C’è grande esultanza tra le forze del centrosinistra e tra diverse sigle sindacali per la sentenza della Corte Europea che ha respinto il ricorso con cui la Danimarca, sostenuta dalla Svezia, si proponeva di annullare integralmente la direttiva europea sul salario minimo.
In realtà, a ben vedere l’intervento della Corte contiene più ombre che luci. È vero che viene respinto l’attacco ad aspetti di principio contenuti nel testo come l’obbligo di garantire che il salario minimo assicuri un tenore di vita dignitoso, la riduzione della povertà lavorativa e una maggiore equità sociale; o come l’obiettivo di promuovere la contrattazione collettiva e ridurre il divario retributivo di genere. E non sottovaluto il valore simbolico di riferimento che questi punti potrebbero rappresentare, ma l’impatto avuto finora sui Paesi europei dimostra che possono restare lettera morta.
Ma è la stessa Corte a precisare che la direttiva non interferisce con le contrattazioni salariali nazionali e interviene puntualmente per rafforzare questo punto di vista.
A conferma di questa impostazione viene infatti  accolto parzialmente, ma sostanzialmente il ricorso del ministero del lavoro danese cassando due dei punti realmente cogenti della norma europea.
Sono state cancellate  la parte in cui si davano ai Paesi nei quali vige il salario minimo legale criteri concreti (come il potere d’acquisto e il costo della vita) su cui basare la definizione dei minimi e la disposizione che vietava di ridurre il salario minimo laddove vengono introdotti sistemi di adeguamento dei salari all’inflazione. Come dire che quello che si dà da una parte si può togliere dall’altra. La dice lunga la motivazione di questi due interventi: i punti annullati rappresentavano un’ingerenza dell’UE nella determinazione dei salari mentre il trattato sul funzionamento dell’Unione esclude espressamente la competenza UE in materia di retribuzioni.

Non a caso la stessa Ces (Confederazione europea dei sindacati) si dice “molto preoccupata” per l’eliminazione della disposizione che impediva modifiche ai salari minimi indicizzati, per la possibilità che possa essere utilizzata per ridurli. Cosa gravissima, specialmente in Italia, dove l’inflazione generata da un aumento smisurato dei profitti, continua ad essere utilizzata per ridurre i salari, capofila un governo che complici gran parte dei sindacati confederali, Cgil esclusa, ha firmato contratti che riducono del 10% il valore reale dei salari dei dipendenti pubblici.
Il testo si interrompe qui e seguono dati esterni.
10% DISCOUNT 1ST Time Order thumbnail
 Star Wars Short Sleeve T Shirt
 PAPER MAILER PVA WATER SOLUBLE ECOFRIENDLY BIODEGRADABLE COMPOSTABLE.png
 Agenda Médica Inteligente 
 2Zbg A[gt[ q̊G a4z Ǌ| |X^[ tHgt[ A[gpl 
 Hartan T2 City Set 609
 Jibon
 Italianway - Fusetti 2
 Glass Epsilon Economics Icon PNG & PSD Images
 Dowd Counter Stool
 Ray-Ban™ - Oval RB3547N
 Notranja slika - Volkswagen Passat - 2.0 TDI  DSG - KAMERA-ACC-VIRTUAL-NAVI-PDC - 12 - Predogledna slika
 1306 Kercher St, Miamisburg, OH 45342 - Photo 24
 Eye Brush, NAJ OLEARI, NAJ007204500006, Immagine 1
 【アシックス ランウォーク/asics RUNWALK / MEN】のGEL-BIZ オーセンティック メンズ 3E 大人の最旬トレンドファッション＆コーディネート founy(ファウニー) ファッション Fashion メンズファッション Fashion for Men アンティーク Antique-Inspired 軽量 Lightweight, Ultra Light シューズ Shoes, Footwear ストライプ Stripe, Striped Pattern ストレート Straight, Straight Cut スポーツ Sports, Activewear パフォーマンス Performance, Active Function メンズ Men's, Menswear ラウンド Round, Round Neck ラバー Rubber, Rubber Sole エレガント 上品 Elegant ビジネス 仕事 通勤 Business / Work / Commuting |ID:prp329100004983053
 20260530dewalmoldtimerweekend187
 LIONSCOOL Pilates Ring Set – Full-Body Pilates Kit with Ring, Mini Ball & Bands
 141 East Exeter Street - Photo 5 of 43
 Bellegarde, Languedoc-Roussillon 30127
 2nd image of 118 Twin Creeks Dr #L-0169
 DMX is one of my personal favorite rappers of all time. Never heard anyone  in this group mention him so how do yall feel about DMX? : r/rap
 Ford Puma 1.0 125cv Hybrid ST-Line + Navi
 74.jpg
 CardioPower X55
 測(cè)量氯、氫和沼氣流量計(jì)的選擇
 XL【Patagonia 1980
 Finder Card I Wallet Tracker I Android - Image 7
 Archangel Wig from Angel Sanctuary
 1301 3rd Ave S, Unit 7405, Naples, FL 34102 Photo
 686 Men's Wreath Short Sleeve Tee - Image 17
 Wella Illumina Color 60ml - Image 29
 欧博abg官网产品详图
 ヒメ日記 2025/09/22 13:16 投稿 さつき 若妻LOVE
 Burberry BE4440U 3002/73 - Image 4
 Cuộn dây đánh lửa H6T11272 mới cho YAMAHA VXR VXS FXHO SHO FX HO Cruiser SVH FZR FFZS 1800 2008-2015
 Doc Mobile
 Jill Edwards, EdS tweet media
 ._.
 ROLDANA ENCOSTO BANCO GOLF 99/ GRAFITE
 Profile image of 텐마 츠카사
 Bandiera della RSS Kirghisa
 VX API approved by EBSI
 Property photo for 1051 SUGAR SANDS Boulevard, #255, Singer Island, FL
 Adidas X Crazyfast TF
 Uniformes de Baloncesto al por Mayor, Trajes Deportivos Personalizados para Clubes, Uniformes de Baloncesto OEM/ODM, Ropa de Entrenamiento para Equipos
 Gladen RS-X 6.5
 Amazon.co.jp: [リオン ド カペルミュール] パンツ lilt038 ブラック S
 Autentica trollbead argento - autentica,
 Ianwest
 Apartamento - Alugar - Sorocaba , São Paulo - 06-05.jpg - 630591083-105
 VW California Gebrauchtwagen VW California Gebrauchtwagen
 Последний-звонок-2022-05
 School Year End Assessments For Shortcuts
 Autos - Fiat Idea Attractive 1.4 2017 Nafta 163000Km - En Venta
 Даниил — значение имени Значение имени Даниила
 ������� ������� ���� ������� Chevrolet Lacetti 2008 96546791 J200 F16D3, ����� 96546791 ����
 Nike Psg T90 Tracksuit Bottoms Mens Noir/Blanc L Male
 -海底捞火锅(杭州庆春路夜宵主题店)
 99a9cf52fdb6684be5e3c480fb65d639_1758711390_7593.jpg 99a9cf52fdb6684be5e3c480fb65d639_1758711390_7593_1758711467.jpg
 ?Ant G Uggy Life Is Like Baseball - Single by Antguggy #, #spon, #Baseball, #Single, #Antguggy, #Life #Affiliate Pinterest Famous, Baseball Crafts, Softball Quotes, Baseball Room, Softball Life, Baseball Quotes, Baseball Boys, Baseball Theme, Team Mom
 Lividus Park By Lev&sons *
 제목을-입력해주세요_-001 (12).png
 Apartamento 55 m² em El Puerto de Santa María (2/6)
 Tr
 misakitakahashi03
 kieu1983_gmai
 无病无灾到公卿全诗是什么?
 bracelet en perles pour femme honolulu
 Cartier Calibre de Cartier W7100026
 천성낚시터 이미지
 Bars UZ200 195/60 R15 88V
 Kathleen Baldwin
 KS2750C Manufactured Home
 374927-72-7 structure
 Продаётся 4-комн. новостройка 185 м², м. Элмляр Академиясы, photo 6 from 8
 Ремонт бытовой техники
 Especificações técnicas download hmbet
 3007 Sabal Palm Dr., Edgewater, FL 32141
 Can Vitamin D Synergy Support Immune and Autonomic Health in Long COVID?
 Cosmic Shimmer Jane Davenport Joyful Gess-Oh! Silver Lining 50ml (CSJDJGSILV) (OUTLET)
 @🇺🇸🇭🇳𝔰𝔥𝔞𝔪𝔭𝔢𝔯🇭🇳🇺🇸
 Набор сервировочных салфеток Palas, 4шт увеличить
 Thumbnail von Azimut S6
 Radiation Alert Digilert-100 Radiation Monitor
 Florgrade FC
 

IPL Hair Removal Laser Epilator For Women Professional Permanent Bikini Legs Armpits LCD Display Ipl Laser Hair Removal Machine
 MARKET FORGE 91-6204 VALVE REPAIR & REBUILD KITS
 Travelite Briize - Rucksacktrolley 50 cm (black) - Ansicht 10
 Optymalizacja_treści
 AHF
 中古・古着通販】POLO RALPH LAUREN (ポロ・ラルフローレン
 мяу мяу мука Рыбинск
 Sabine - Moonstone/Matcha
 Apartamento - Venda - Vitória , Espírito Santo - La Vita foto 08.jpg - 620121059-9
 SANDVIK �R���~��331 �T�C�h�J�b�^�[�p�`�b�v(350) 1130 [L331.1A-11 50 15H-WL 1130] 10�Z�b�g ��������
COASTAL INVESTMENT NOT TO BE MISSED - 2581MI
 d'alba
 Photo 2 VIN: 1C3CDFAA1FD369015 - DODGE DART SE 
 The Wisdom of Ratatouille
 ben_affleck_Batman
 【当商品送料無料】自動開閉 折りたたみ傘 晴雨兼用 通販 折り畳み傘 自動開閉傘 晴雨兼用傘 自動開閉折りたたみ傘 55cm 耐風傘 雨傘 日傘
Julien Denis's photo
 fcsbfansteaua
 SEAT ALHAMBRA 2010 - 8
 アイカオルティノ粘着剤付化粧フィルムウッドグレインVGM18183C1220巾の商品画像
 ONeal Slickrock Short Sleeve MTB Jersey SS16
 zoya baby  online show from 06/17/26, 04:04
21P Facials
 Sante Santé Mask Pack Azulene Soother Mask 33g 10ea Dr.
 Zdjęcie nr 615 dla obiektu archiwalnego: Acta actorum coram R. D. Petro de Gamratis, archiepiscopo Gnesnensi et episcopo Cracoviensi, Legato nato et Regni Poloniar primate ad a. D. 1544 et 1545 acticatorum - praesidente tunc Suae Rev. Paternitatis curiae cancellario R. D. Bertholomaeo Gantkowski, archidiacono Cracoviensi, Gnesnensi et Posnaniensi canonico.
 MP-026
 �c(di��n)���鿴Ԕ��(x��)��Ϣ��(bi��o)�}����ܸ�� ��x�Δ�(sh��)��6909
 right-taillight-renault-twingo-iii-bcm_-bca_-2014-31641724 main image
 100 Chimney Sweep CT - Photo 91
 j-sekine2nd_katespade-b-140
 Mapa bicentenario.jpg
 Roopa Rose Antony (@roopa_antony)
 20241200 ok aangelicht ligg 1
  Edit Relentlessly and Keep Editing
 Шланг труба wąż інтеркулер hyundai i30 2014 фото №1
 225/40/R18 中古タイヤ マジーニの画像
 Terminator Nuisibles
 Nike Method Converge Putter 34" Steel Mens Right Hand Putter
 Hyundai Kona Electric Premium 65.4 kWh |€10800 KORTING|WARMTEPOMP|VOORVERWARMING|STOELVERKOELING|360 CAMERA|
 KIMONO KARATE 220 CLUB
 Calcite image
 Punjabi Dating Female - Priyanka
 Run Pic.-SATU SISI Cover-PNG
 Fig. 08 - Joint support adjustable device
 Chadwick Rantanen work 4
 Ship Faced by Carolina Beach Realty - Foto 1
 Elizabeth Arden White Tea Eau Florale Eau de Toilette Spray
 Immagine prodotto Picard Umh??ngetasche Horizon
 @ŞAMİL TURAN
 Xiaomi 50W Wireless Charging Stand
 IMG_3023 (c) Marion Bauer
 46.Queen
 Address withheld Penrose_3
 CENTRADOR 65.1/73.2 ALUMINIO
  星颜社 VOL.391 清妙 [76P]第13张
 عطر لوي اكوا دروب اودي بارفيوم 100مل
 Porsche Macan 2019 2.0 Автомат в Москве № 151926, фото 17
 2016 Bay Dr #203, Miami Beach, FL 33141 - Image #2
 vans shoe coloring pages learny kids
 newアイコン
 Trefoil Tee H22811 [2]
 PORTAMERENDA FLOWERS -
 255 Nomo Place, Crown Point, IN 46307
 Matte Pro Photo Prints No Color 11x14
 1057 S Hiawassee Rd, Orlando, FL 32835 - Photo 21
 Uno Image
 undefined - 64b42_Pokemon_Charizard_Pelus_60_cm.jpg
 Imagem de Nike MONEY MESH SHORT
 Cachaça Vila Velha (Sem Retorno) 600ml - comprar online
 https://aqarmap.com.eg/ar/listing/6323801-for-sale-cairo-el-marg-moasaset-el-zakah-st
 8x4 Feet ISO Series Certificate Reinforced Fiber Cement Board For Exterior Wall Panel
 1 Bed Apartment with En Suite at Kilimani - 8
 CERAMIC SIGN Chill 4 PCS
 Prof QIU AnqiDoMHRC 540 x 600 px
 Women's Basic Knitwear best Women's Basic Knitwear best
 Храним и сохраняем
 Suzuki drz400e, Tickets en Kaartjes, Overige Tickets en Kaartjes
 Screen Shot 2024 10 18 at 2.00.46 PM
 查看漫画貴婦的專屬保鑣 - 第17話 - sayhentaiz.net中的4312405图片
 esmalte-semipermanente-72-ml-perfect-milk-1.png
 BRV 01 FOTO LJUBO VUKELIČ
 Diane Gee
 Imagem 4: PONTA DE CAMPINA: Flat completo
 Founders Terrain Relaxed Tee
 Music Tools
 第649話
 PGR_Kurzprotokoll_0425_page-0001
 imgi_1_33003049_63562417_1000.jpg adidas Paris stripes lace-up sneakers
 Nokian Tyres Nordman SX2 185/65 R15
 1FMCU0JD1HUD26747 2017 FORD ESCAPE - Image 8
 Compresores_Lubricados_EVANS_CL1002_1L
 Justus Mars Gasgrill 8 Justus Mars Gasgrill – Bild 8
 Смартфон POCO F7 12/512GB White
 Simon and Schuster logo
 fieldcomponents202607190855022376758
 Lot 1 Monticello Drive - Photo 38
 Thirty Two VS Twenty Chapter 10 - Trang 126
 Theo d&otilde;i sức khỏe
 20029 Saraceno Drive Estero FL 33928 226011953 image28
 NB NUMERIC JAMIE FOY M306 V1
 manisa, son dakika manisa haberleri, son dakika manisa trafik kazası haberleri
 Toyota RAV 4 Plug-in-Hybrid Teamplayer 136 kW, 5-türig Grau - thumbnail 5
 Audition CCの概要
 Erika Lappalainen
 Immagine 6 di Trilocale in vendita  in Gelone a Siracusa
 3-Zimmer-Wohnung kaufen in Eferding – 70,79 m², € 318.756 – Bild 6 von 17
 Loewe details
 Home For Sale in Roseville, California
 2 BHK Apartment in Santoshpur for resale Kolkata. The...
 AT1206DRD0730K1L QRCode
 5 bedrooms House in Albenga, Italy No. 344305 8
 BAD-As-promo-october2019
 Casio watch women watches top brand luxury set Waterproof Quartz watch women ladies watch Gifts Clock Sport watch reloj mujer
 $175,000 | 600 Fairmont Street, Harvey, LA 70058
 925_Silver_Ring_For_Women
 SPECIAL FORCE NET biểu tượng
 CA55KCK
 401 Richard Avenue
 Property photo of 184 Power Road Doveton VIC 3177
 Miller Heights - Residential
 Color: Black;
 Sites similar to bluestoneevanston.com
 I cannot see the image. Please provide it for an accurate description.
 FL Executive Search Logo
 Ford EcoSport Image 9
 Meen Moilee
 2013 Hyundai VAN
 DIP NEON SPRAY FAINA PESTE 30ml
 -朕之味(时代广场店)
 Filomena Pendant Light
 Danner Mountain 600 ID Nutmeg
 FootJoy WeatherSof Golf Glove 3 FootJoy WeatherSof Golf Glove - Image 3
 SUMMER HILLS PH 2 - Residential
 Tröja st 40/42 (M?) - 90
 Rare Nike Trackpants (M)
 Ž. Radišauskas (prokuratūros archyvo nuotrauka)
Per quanto riguarda paesi come l’Italia in cui la copertura contrattuale riguarda l’80% o più delle lavoratrici e dei lavoratori non cambia nulla. Si  continua a considerare, a torto, che la contrattazione possa garantire salari minimi adeguati e quindi la sentenza ribadisce  che la direttiva  “non  impone l’obbligo di introdurre un salario minimo legale né di dichiarare i contratti collettivi universalmente applicabili”.
La situazione drammatica dei salari, con milioni di lavoratrici e lavoratori con redditi sotto la soglia di povertà relativa,  in Italia smentisce l’idea che la contrattazione sia di per sé in grado di garantire salari adeguati a una vita dignitosa. Per questo diventa ancora più centrale la nostra lotta per un salario minimo legale aggiornando la nostra proposta all’inflazione. Anche a chi propone un salario minimo orario di nove euro lordi ricordiamo che i nove euro del 2018, anno in cui presentarono la proposta per la prima volta, oggi corrispondono ad almeno 11 euro.